No harm, since confidence and perception are key hallmarks of any business success story, and more importantly if the growth in Pakistan’s textiles has to be sustainable, then the sector needs to achieve this by competing against the best in this business. However, often one has seen that confidence if not accompanied by prudence can easily lead to complacency.
And given Pakistan’s industrial track record, one cannot help but notice that it is in being complacent, and not being proactive and innovative where our weakness lies. While we may be ready to compete with India in the traditional items based on comparative costs, quality and designs, it is the long-term vision where we seem to be way behind.
A significant portion of future global growth and profitability is going to come from endeavours that save on energy and natural resources, and are environmentally friendly, ‘Green Textile Production’, as it is referred to. And this is where India appears to be far ahead of us in comparison.
Scientists from Indian Institute of Technology (IIT), New Delhi, are close to releasing a type of fabric in the market that will not pick up dirt and even if it does after prolonged use, it can be washed with sunlight. At the heart of this experiment lies nanotechnology, which is being applied by Indian scientists to improve the performance of textiles; something that is generating global interest.

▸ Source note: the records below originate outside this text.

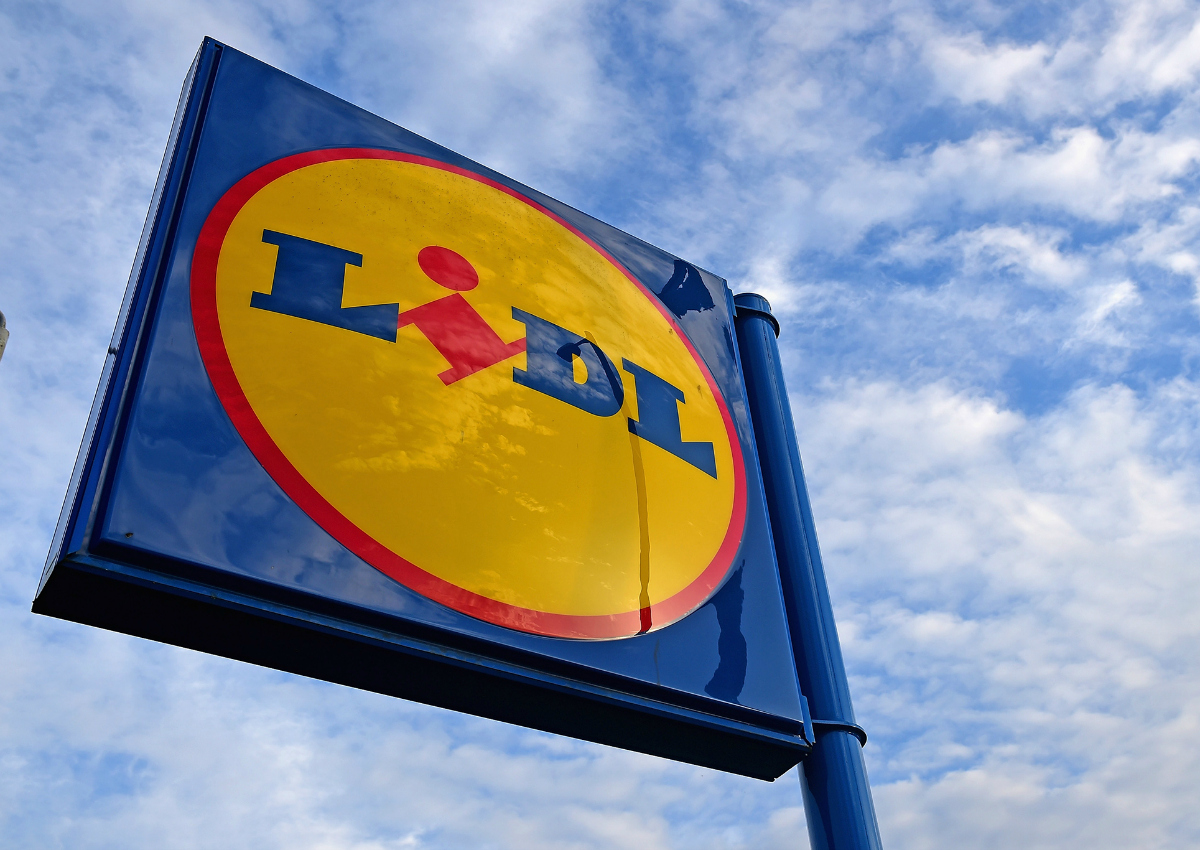 Lidl sbarca a Caserta: nuovo super e parco pubblico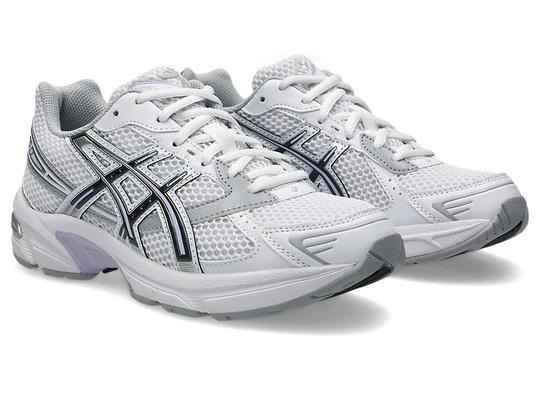 ASICS Women's Gel-1130 'White Carrier Grey'
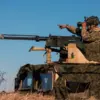 Czech Republic Introduces $43,000 Recruitment Bonus to Boost Military Enlistment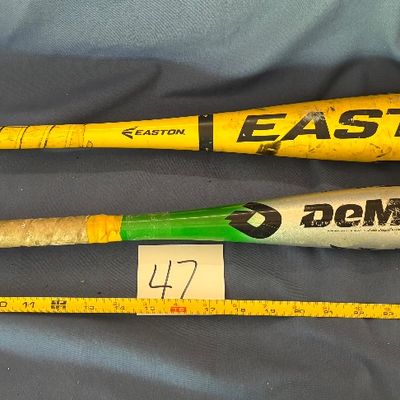 Bat Lot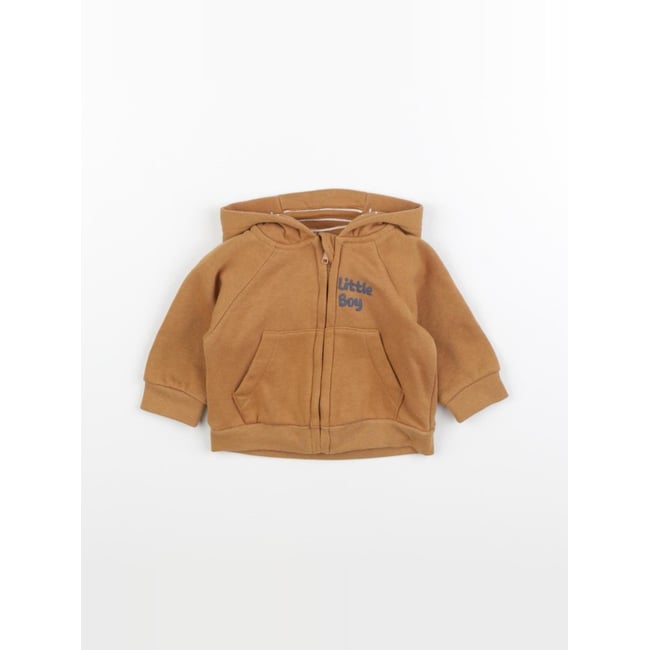 Sweat - Très bon état v002230 <span itemprop=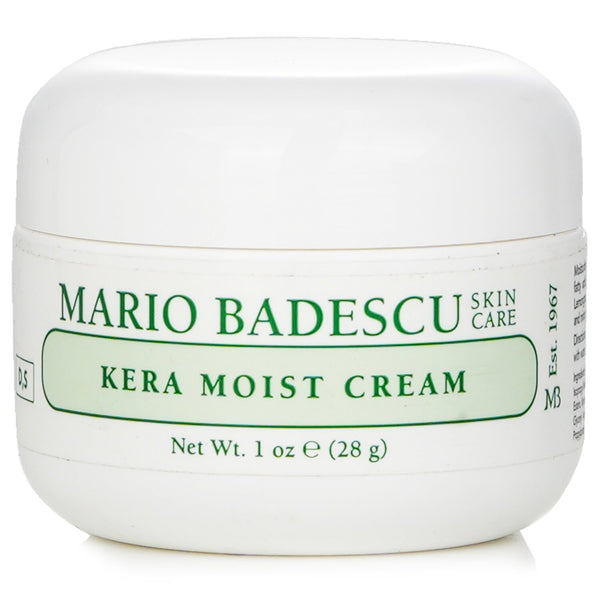 マリオ バデスク  ケラモイスト クリーム   29ml/1oz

Nano stands for one billionth of a meter. The nature’s nanotechnology has been perfected over a billion of years. For example, the self-cleaning properties found in the nano-structured surface of lotus leaves are natural designs, referred to as the ‘Lotus Leave Effect’.
Going forward based on this, the coating of nano titanium dioxide particles on clothes has ‘photocatalytic properties’, which can break direct particles in the presence of sunlight. If this works, dirty clothes can be ‘cleaned’ by merely putting them in the sun. The cloth will also not pick up any dirt because of nano particles.
Yet, another fabric that IIT is researching is based on nano-composite polymer coating, which will have improved strength and gas barrier property. Once developed, it can be useful in key defence applications, e.g. inflatable gear requirements in aerostat and aerial delivery systems.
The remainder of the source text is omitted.